Call me slow, but I didn't notice that Rochester does attempt to hold himself back from Jane.

He cuts himself off at the end of Chapter 15 when he would most likely have said something romantic.

He then runs away for an extended period of time and doesn't come home without guests to act as a buffer between himself and Jane.

Or am I reading too much into his actions?

Comments

( 7 pages turned — Post )
krikketgirl
Jul. 14th, 2009 09:23 pm (UTC)
I'm not even reading along this time (too many other books I need to plow through), but Rochester is awesome, so I think this just makes him more awesome. : D I think he is trying to do the right thing.
ruthette
Jul. 17th, 2009 01:33 pm (UTC)
...at this point, even though he acts out of complete selfishness in later chapters.

And yet I love him.

Hmmmmm.
singersdd
Jul. 14th, 2009 10:59 pm (UTC)
Yeah, I agree. I think he was trying to keep himself distant from Jane and tried to do the right thing, but darn, Jane's just too awesome to resist. :)
ruthette
Jul. 17th, 2009 01:33 pm (UTC)
Which is why he acts in complete selfishness in later chapters. :)
mattiescottage
Jul. 15th, 2009 12:57 am (UTC)
I really do like this idea of him wanting to "do the right thing." I definitely can see that not only at the end of Chapter 15, but also earlier, after he first met her, when he gives her much space (Chapter 14) between his first interview with her and eventually calling her again for an evening of conversation (with Adele and Mrs. Fairfax in the background), when he makes his resolution to pursue the pleasure that life has denied him.
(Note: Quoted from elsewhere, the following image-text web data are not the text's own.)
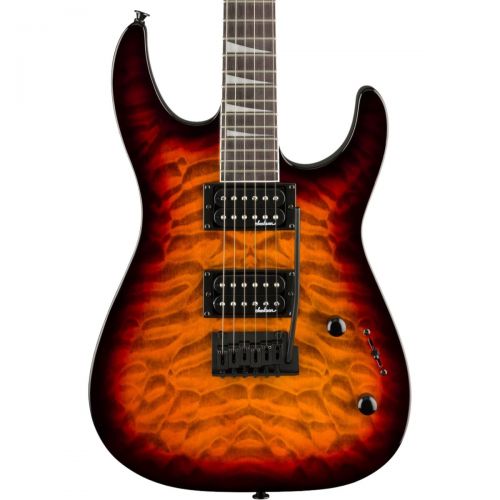 Электрогитара Jackson JS Series Dinky JS20 DKQ 2PT Transparent Tobacco Burst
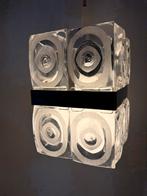 Vintage hanglamp, kunststof, Ophalen of Verzenden, Zo goed als nieuw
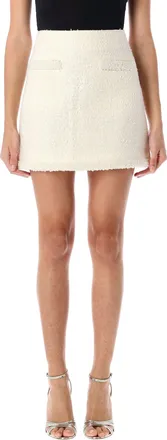 Self Portrait Skirts White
Even then he plots his course patiently, for we find that eight weeks have passed between his appearance at Thornfield and the night of the bed fire.

We cannot forget, however, that he does appear to be plotting a course.

I think subsequent chapters answer the question of whether his extended leave and return with guests are really intended as a buffer.
ruthette
Jul. 15th, 2009 11:42 am (UTC)
Yes..... He does admit that he uses Blanche only to make Jane jealous (and also teach her a "well needed" lesson), which dims the glow of his halo somewhat.
butterbobbin
Jul. 15th, 2009 04:28 am (UTC)
I see it the same way. Just got there. Rochester is no fool.